Critical Thinking and the Argumentative Essay

Mayfield, 1995


Making Your Case is a relatively short critical thinking text, and that is one of the reasons I chose it, having come to it from Critical Thinking, by Moore and Parker, which I found to be overkill for my purposes. As you might expect, there are a number of similarities in the two texts, both good and bad. Both were successful texts in a classroom setting but, in this case, I think shorter is better. I used Making Your Case for two semesters (four classes total), about my average for a critical thinking textbook.

Moore begins with two chapters on "basic" or "essential" elements, followed by three chapters on argumentation, one on rhetoric, and one on fallacies.
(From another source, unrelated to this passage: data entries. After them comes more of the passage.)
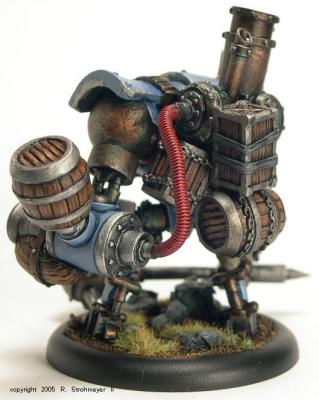 WM_Merc_Mule_2.jpg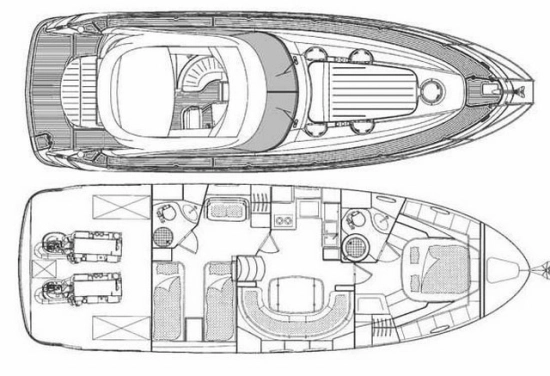 Bavaria Yachts 42 Sport HT de segunda mano en venta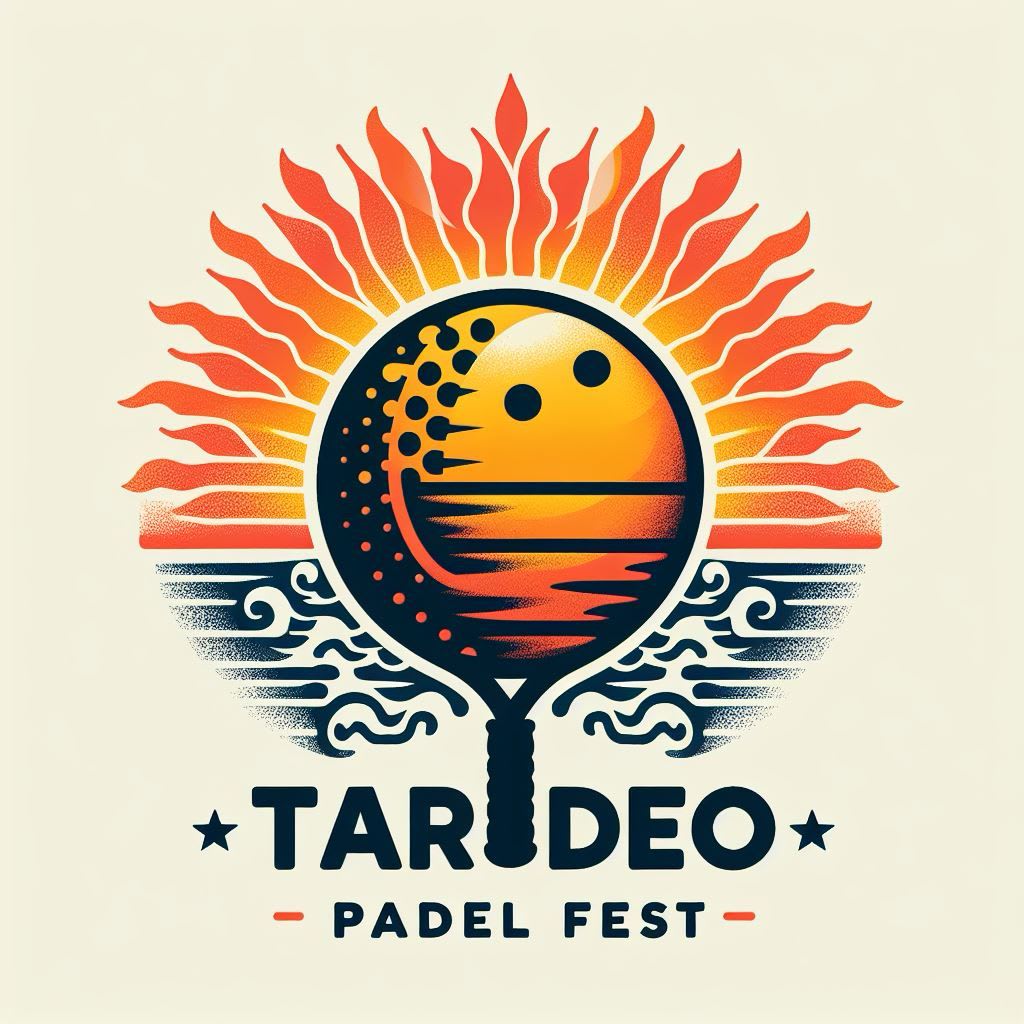 TARDEO PADEL FEST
The deductive reasoning chapter, incidentally, begins with a rule-based analysis of syllogisms (never using paradigms), and then goes on to conditional arguments, while I almost always treat them in reverse order. The chapter on fallacies is also slightly limited, in order to keep the book short, but the most common are covered. Critical thinking texts and courses that end with fallacies often produce students who think everything is a fallacy, and Moore deals with this by adding a chapter on "Good Habits." The book concludes with a baker's dozen of short editorial and op-ed essays which I never bothered to use at all.
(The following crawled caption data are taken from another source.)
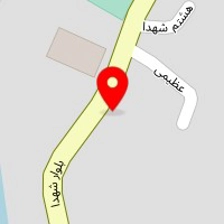 تعمیرات لوازم خانگی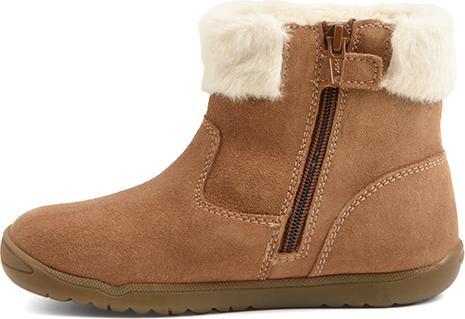 Produktbild Geox 4840652 (22)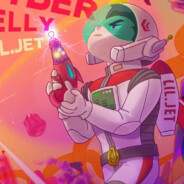 Heartbreak anniversary 💔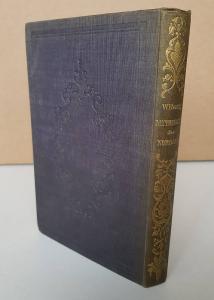 Wiborg, K. F. Mythologie des Nordens.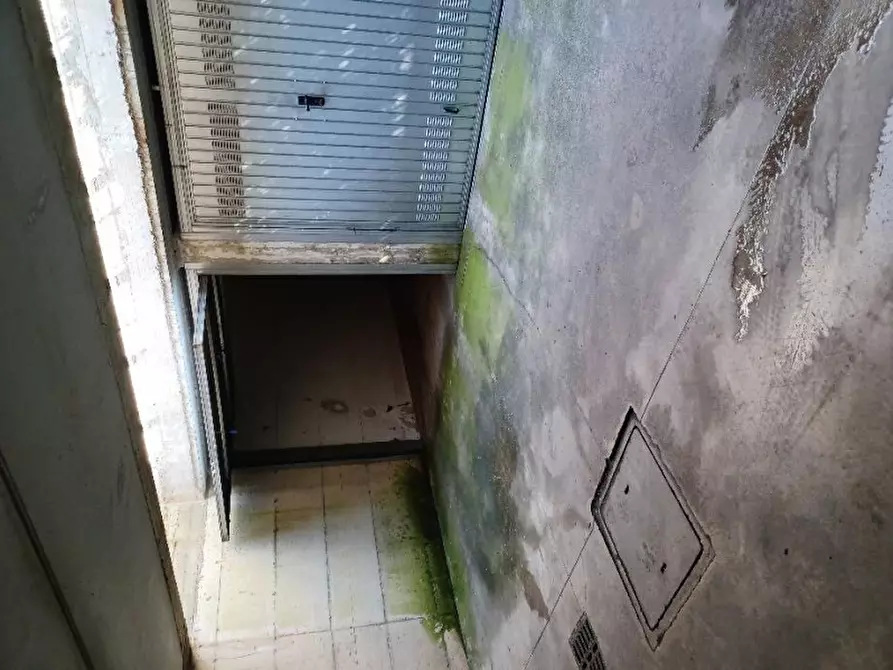 Immagine 6 di Appartamento in vendita  in Via Filippo Meda 66/68 - 22066 Mariano Comense (CO) a Mariano Comense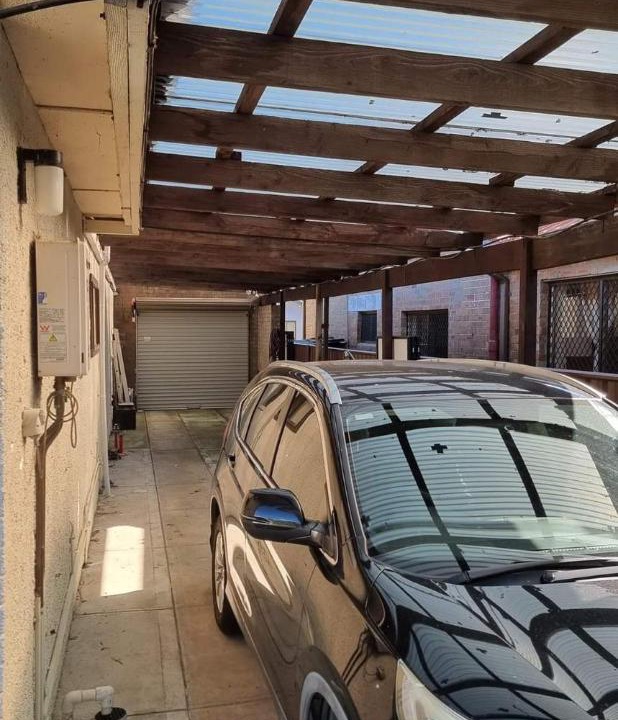 Photo of Others in Brighton-le-Sands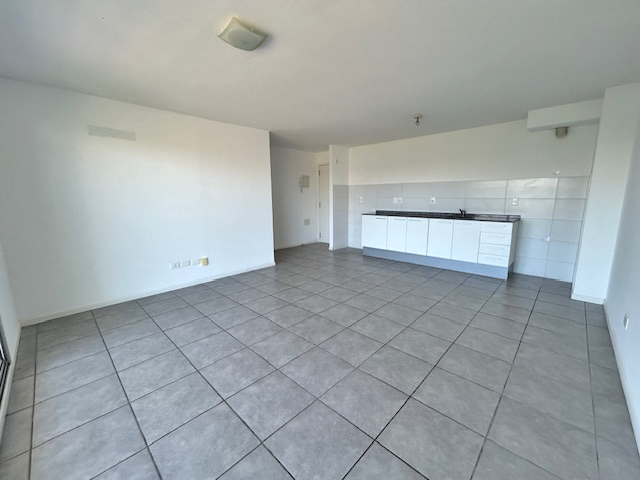 Imagen 4 de la galería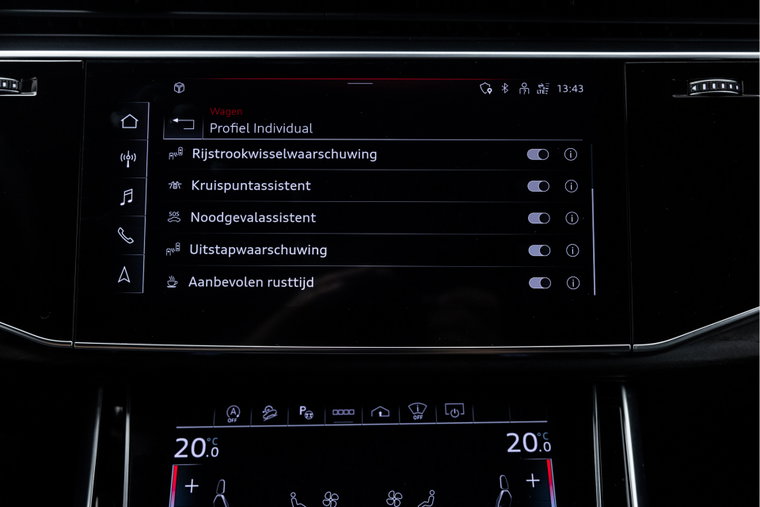Vehicle Image 50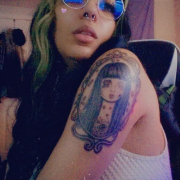 bugsypuddlesxx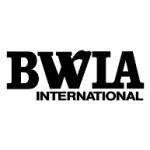 logo BWIA International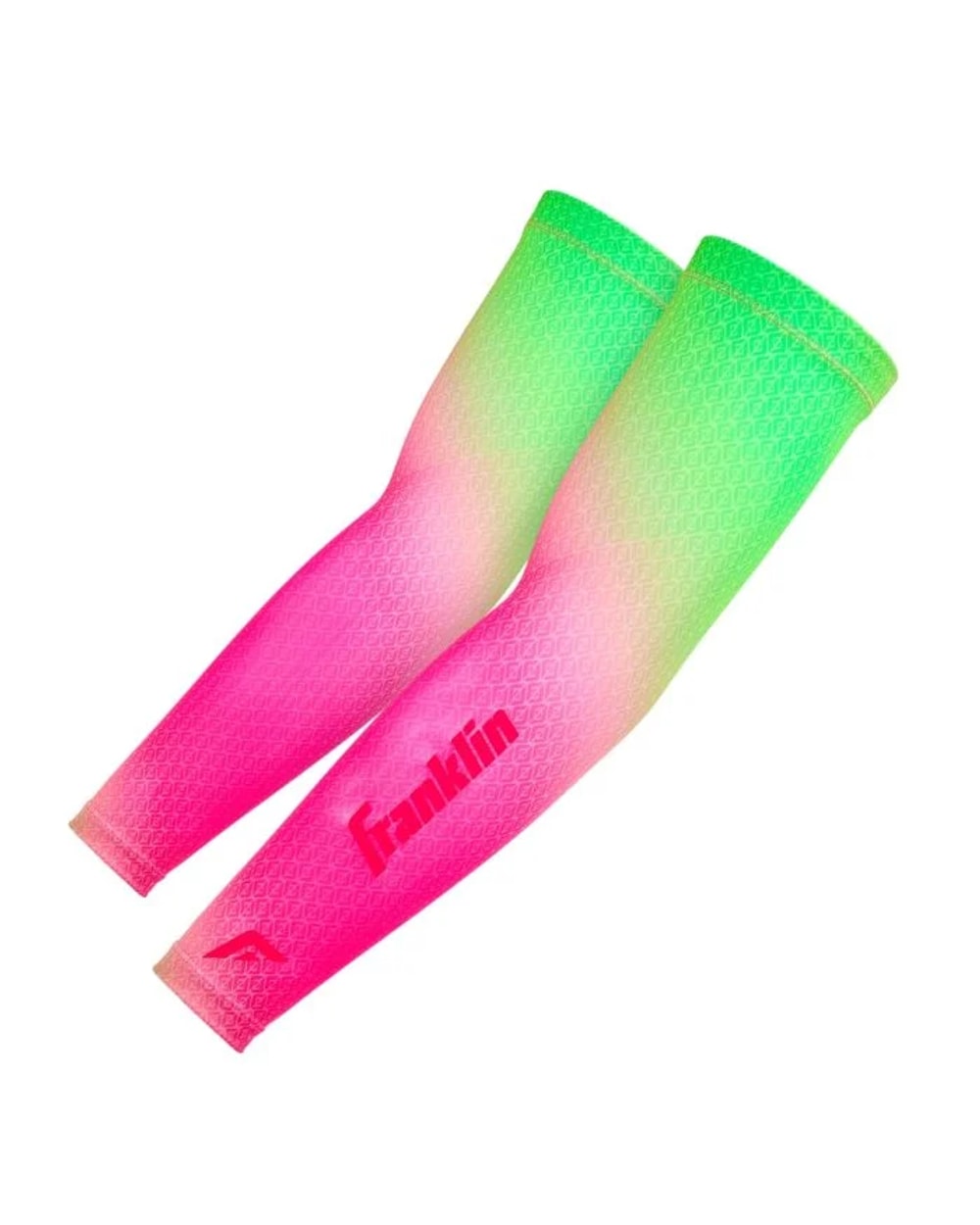 Franklin Adult Arm Sleeve - Pair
Moore's prose is usually clear and precise, adopting a slightly informal tone, without oversimplifying either the concepts or the level of language. The layout of the book is unremarkable; the only distracting features are shaded boxes of quotations and illustrative digressions (which I ignore and, I suspect, the students do as well) and cartoons (which are sometimes fun). Each chapter contains helpful examples, and has several sections of exercises at the end.

I found some concepts in this text annoying, just as I did in Moore's and Parker's Critical Thinking. One of these, in a chapter on challenging arguments, is the notion of a "hidden agenda," which seems to me to be a misguided validation of an ad hominem attack. And, in the chapter on fallacies, some of the explanations seem weak or confused. But these are not necessarily problems in class: though I drew a large "X" through it in my copy, the discussion of that "hidden agenda" section was often one of the best classes of the course.